System Resulting from Supernova of Helium Star

SN()

We utilize Kalogera 1996 in order to determine the properities of the post supernova binary (such as eccentricity of the system post supernova, additional mass etc.) From the documnetation, We use Eq 1, 3, 4, and 34: giving Vr, Apost, epost, and (Vsx,Vsy,Vsz), respectively. Also see Fig 1 in that paper for coordinate system. After calculating this post super system values we check for whether this system would be expected to result in the successful creation of a binary. We check 4 separate equations detailed in Willems et al 2002. Specifically, we use eq 21, 22, 23, 24, 25, 26 for checks of SN survival:

>>> T.SN()

(Source code, png, hires.png, pdf)

Evolving System Through Galaxy

In order to forward model successfully created binaries through the galaxy, one must calculate first how long it will take for the merger of the system in order to set the upper bound on the ODE used to evolve the Velocity (and X,Y,Z coordinates) of the system through the galaxy.

Time to Merger Peters 1964

setTmerge() Checked against Peters 1964:

>>> # set merger time for trajectory integration, specify Tmin and Tmax in Gyr
>>> T.setTmerge(Tmin=0.0, Tmax=14.0)

Distance of Binary From Center

First, you randomly select from initial XYZ direction. setXYZ_0() Next, you randomly select an initial velocity direction setVxyz_0(): Then based on Tmerge you solve an ODE and evolve XYZ until merger. doMotion():

>>> # choose random location on sphere of radius R
>>> T.setXYZ_0()
>>> # choose random direction for circular velocity, and add SN-imparted velocity to get V0
>>> T.setVxyz_0()

>>> # integrate trajectory until Tmerge
>>> T.doMotion()

Check that conservation of energy is obeyed

energy_check() Calculate the initial Energy of the system and the final energy and make sure it is conserved to within some small error (0.001):

>>> # check for energy conservation, and hold onto highest offset
>>> T.energy_check()
>>> if T.dEfrac > dEfrac:
>>>     dEfrac = T.dEfrac

Checking Offset

Finally, You have a location for where in the galaxy your system merged. It is in XYZ so project onto XY plane and check if it matches to the observed off set (with some uncertainty in that offset accounted for). check_success()
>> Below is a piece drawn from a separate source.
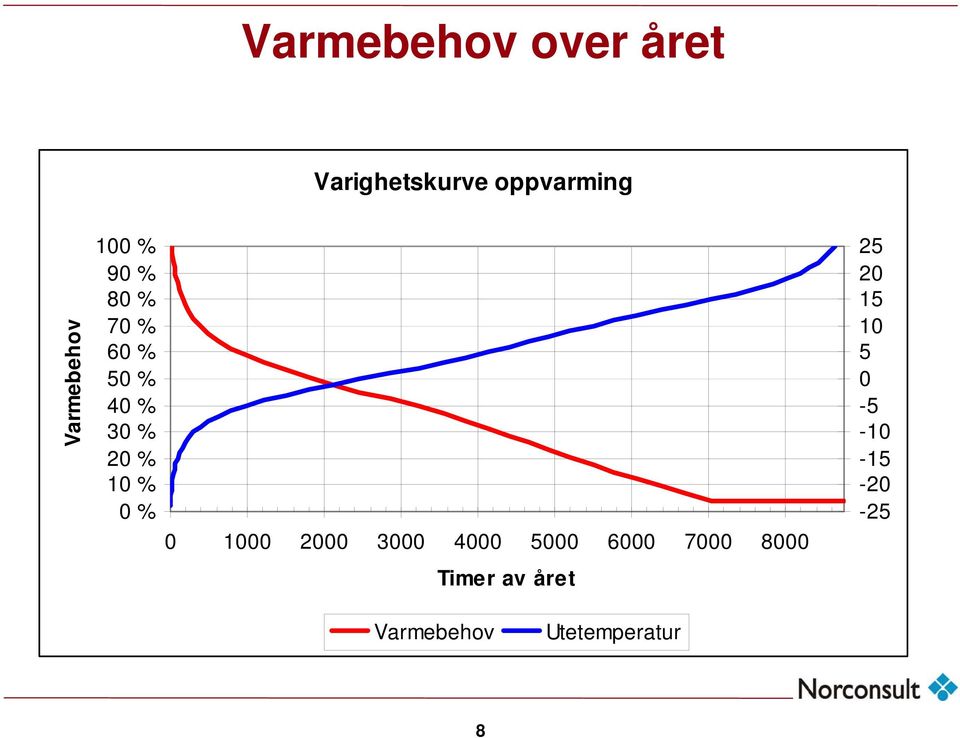 10 % 0 % 0 1000 2000 3000 4000 5000 6000 7000 8000 Timer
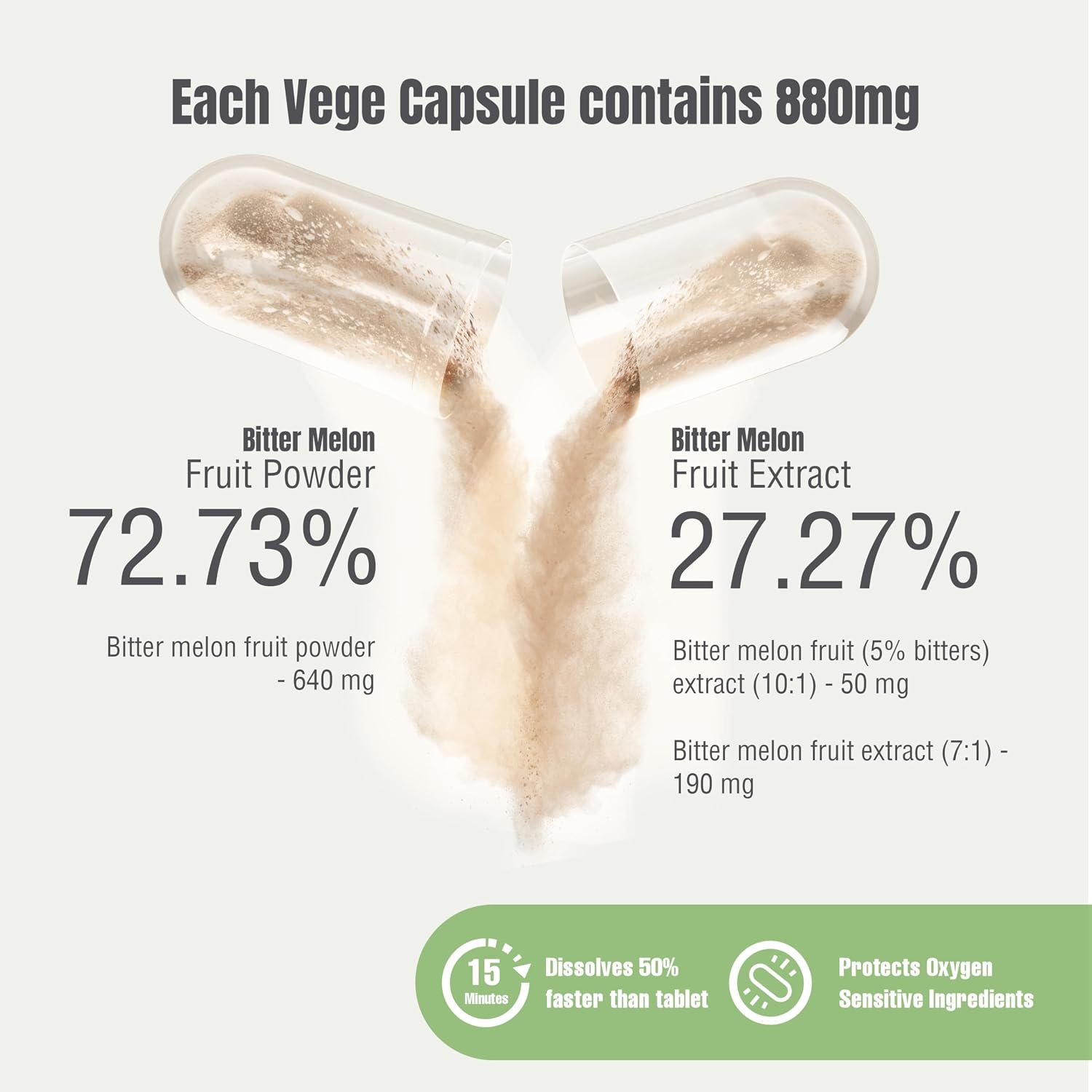 HerbsForever Melón Amargo Concentrado de Alta Potencia (10:1) - 60 Cápsulas Vegetales, 880mg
Exploring Seemingly Optimal SN Kick Velocities

Two special case runs include setting –system-flag = ‘tangential’ or –system-flag = ‘radial_simple’.

These special realizations of the code ask the following questions: “Let us imagine the most seemingly optimal kick velocity direction of the SN that would result in getting us from some initial galactic offset that is smaller than the observed offset to the observed offset. This is the “radial_simple” case and it means that all of the kick velocity is “straight out” in the x direction. Conversely, let us imagine the most seemingly unoptimal way to get from some initial galactic offset that is smaller than the observed offset to the observed offset. This is the tangential case, which means all of velocity is perpendicular to the orbit.” How would one explore the results from such systems?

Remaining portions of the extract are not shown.